Insieme, i Roxy Music hanno eseguito “In Every Dream Home A Heartache”, “Out Of The Blue”, “Love Is The Drug”, “More Than This”, “Avalon” ed “Editions Of You”. Canzoni che, accanto a “Slave to love”, “Don’t stop the dance”, “Oh Yeah”, “Jealous gay” e altri tredici brani, fanno parte della scaletta dell’Avalon Tour con cui Bryan Ferry celebra la sua band ma senza gli amici di un tempo. Uno spettacolo raffinato ed elegante che ha fatto scalo al Medimex di Foggia, unica tappa italiana.
Era il 1972 quando i Roxy Music pubblicarono il primo album. Colpirono subito la pin-up in copertina e, all’interno, i componenti della band rivestiti di stelline e pelle con ciuffetti in stile anni Cinquanta. Una esplosione di glamour in una terra desolata di jeans sbiaditi.
«I vestiti che indossavamo in quella occasione avrebbero allontanato un bel po’ di persone», riflette oggi Bryan Ferry, che di quella band fu il leader. «Quello che mi piaceva delle band americane, quelle della Stax o della Motown, erano i costumi degli spettacoli, abiti in mohair, piuttosto scintillanti. Per la copertina ho pensato a tutte le icone della cultura pop americana, Marilyn Monroe, ma c’era anche qualcosa di strano: futuristico e retrò. La norma del tempo invece avrebbe imposto un’immagine della band, in una strada squallida, dall’aspetto piuttosto cupo».

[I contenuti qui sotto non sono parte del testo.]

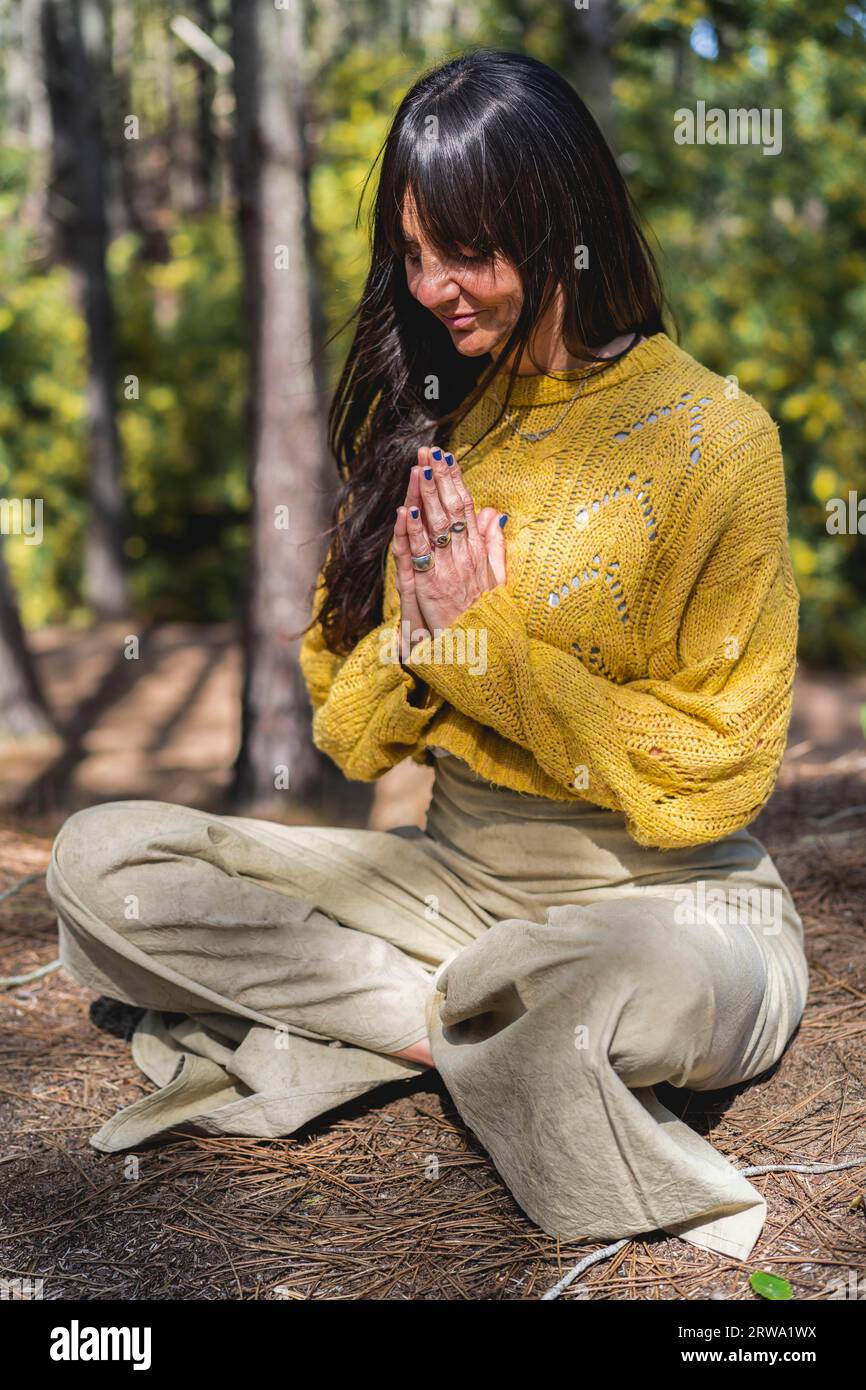 Femme médite avec les mains serrées sur les bois. Tir vertical Banque D'Images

La musica della band era all’altezza della sfida lanciata dalla copertina: un collage di nostalgia della cultura pop, chitarra hard-rock, melodie pianistiche, voci stilizzate, strane strutture musicali e immagini sonore sperimentali. Una sintesi radicale che ha mappato il futuro nello stesso momento in cui ha saccheggiato il passato.
«Stavamo decisamente cercando di dimostrare la nostra versatilità», dice Ferry ora. «Ho avuto un sacco di influenze musicali, oltre a ciò che la band ha portato in tavola». Il chitarrista Phil Manzanera portò «l’eredità latina, essendo nato in Sud America». Andy Mackay, che suonava il sassofono e l’oboe, aveva una educazione classica. E poi Brian Eno, con il suo profondo interesse per la musica sperimentale. «Erano tutti specialisti nel proprio campo. Paul Thompson ha portato molto, con la sua batteria molto potente e terrosa, che era una delle caratteristiche dei Velvet Underground. Era una miscela perfetta».

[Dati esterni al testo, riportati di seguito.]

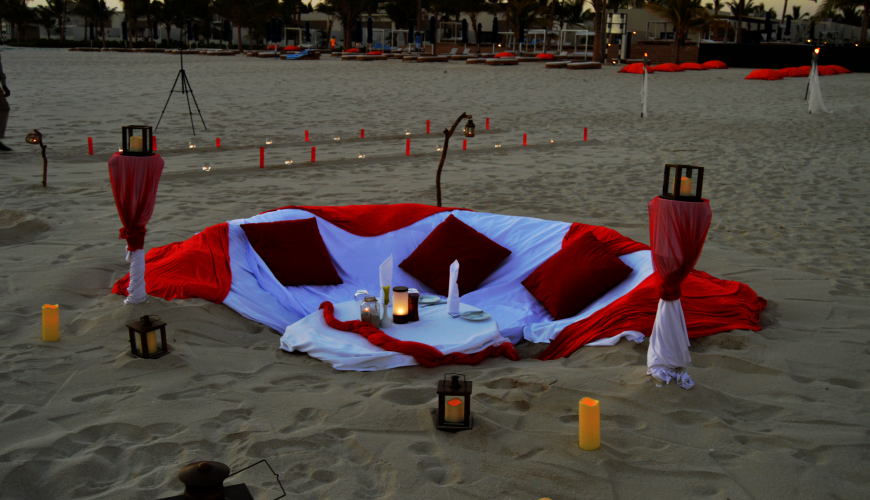Romantic Private Dining on White Sand Beach at Al Baleed Resort Salalah by Anantara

La stessa miscela che Ferry tenta di ricreare sul palco dell’”Avalon Tour”: al suo fianco una giovane sezione ritmica, il fidato e anziano chitarrista Chris Spedding, un coro di voci africane, una violinista e la splendida e sorprendente sexyphonista (e non si tratta di un refuso) Jorja Chalmers, top model dalla bellezza mozzafiato prestata alla musica, che sembra una pin-up anni Cinquanta uscita da una vecchia copertina di un disco dei Roxy Music.
Ferry, 73 anni, giacca sportiva e pashima, ben presto rinforzata da una sciarpa di cachemire con il calar della sera, mantiene un bell’aspetto. Si preserva non andando oltre l’ora e mezza di concerto prestabilita e lasciandosi cullare dai lussi.In Puglia ha scelto come residenza un edificio del XIII secolo nei pressi di Lucera, a pochi chilometri da Foggia. Una location fiabesca, molto glamour e un po’ kitsch per matrimoni indiani: velluti, piscine grandiose, lussureggianti giardini. Si prepara ad affrontare l’impegno sul palco affidandosi alle mani di due massaggiatrici e proteggendo la voce con una temperatura costante di 23 gradi e un cucchiaino di miele di manuka.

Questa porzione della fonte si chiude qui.